Baca: Nasib Penghuni Afganistan di Indonesia
Kini Asad tinggal bersama ribuan pengungsi lain di Kawasan Puncak di Cisarua, Bogor, Jawa Barat. Keberadaan mereka sempat menjadi sorotan Bupati Bogor Ade Yasin pada pertengahan Maret lalu.
Ade meminta pemerintah dan lembaga internasional seperti United Nations High Commissioner for Refugees (UNHCR)—Komisi Tinggi Perserikatan Bangsa-Bangsa untuk Pengungsi—mencari solusi penempatan ulang bagi para pengungsi dan pencari suaka. Keberadaan mereka dianggap memicu masalah sosial dan merusak citra kawasan Puncak sebagai pusat wisata.
Ada 2.309 pengungsi dan pencari suaka asal negara Timur Tengah yang ditampung di Bogor. Sebanyak 1.690 bermukim di sekitar kawasan Puncak sejak satu dasawarsa terakhir. Mereka hidup berbaur dengan masyarakat lokal. Ada pula yang tinggal di penampungan.
Baca berita dengan sedikit iklan, klik di sini
Tahir Asad, di rumah belajar ‘ Peace Educationa Shelter’ , tempat pendidikan informal khusus anak-anak imigran di Kampung Batulayang, Cisarua, Puncak/TEMPO/ M. Sidik Permana.
Baca berita dengan sedikit iklan, klik di sini
Para pengungsi tersebut tersebar di hampir semua desa di Kecamatan Cisarua. Di antaranya Desa Leuwimalang, Jogjogan, Kopo, Citeko, Cibereum, Batulayang, Tugu Utara, dan Tugu Selatan.
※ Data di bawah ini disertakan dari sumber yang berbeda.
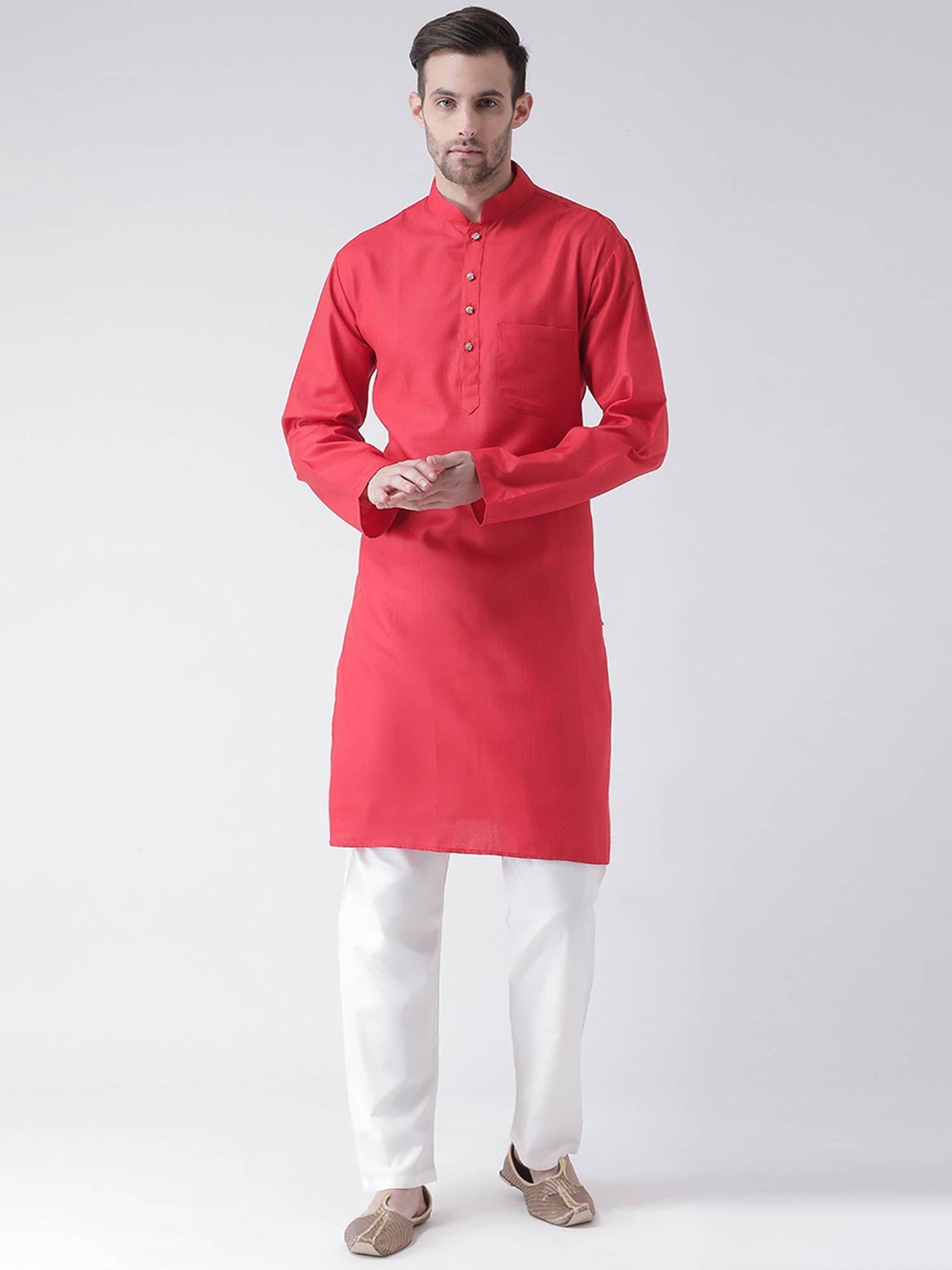 red solid kurta (set of 2)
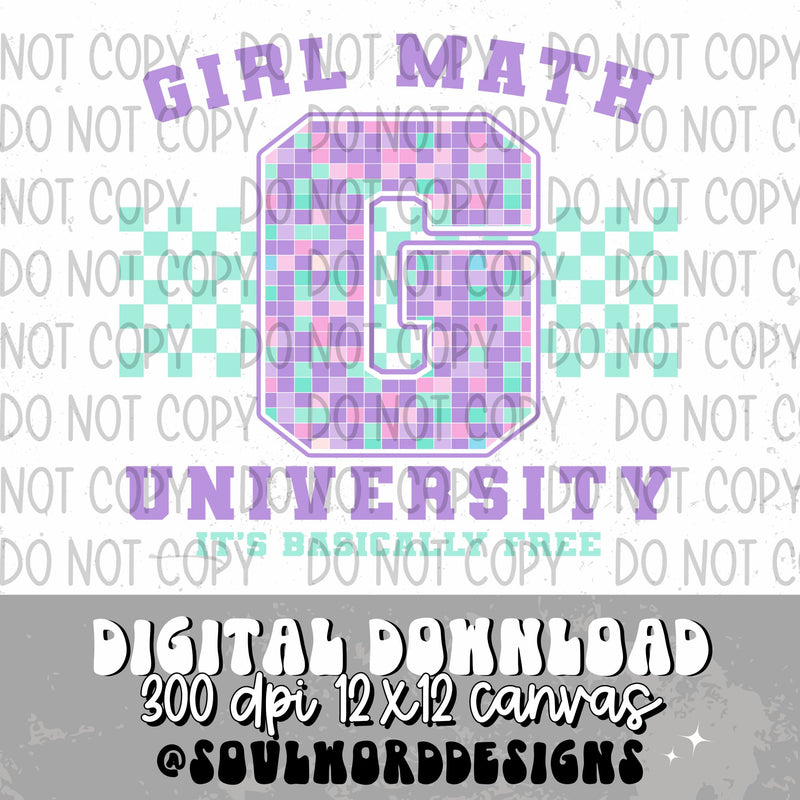 Girl Math University Purple Mint - DIGITAL DOWNLOAD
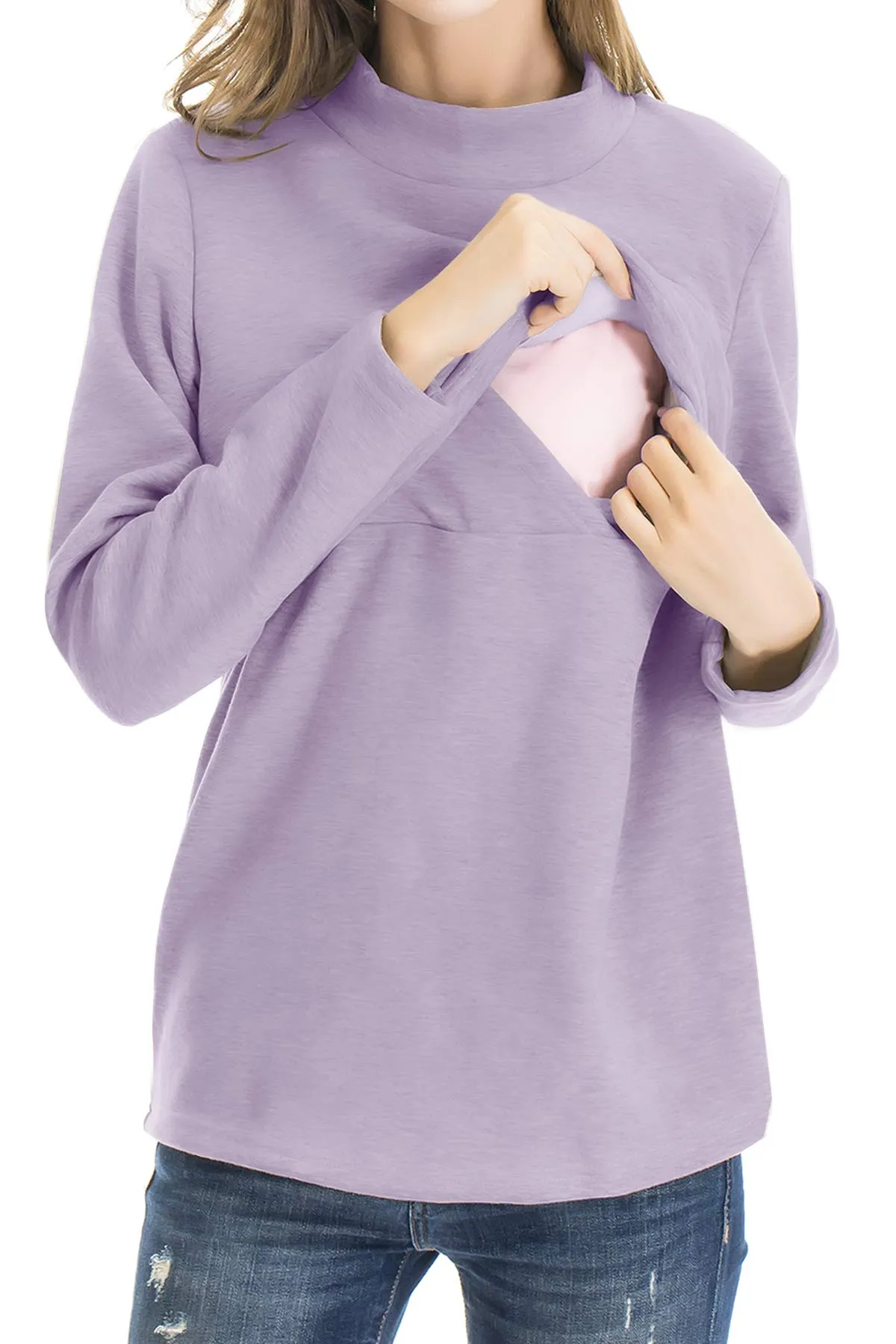 Smallshow Abbigliamento da Allattamento Invernale a Manica Lunga da Donna, Lavender, L - immagine 2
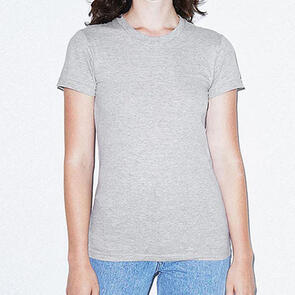 AMERICAN APPAREL 23215W WOMENS FINE JERSEY CLASSIC SHORT SLEEVE T-SHIRT - HEATHER GREY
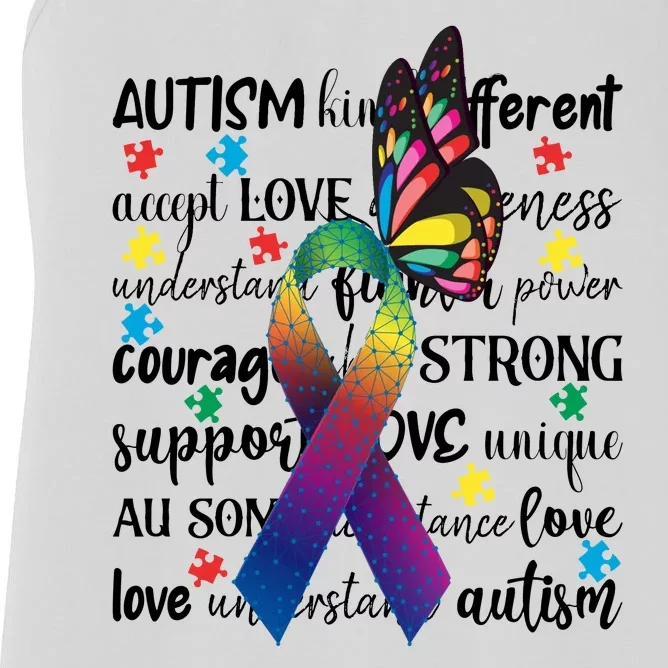 Autism Acceptance Butterfly Different Is Beautiful Women's Racerback Tank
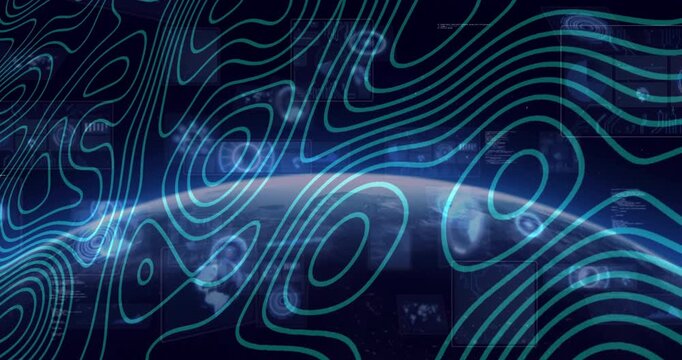 Glow sweeping left initiating horizon reveal, contour lines pulsing, icons clustering for scan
Sebagian lain memilih tinggal di sekitar Kabupaten Cianjur, Sukabumi, dan Kota Bogor.
Menurut Ade, keberadaan para pengungsi rentan memantik konflik sosial dengan masyarakat sekitar dan melahirkan kriminalitas. Karena jumlahnya yang banyak, wilayah itu kerap dikenal sebagai Kampung Arab.
Kawasan tersebut belakangan kerap mendapatkan label negatif sebagai tempat prostitusi terselubung dengan modus kawin kontrak. “Lokasi penampungan yang terkonsentrasi di satu tempat rawan melahirkan konflik dan memicu terjadinya pelanggaran hukum,” kata Ade.
Menyandang status pengungsi bukanlah perkara sederhana. Tak sedikit di antara mereka yang mengalami depresi. “Sudah banyak di antara kami yang meninggal karena sakit tidak dan ada juga yang memilih bunuh diri karena stres,” tutur Tahir Asad.
Bantuan hidup yang disediakan sejumlah lembaga donor pun terbatas. Nilainya hanya cukup untuk menyewa tempat tinggal dan makanan seadanya. Nasib yang cukup beruntung dialami pengungsi yang masih memiliki sanak-famili di negara asal.
Asad mengaku masih mendapatkan kiriman uang setiap bulan. “Kadang saya dikirimi uang Rp 2-3 juta. Itu pun kadang tak cukup,” ucap Asad.
Ia mengaku malu bila harus meminta uang bulanan lebih awal. Akibatnya, ia harus menahan lapar atau meminta makanan dari sesama pengungsi. Pria yang sehari-hari menjadi pengajar Peace Education Shelter ini memanfaatkan selter sebagai tempat tinggal.
Asad dan pengungsi lain harus merogoh kocek pribadi sebesar Rp 500 ribu-1 juta per bulan jika ingin mengontrak rumah. Bagi mereka, jumlah ini tergolong mahal.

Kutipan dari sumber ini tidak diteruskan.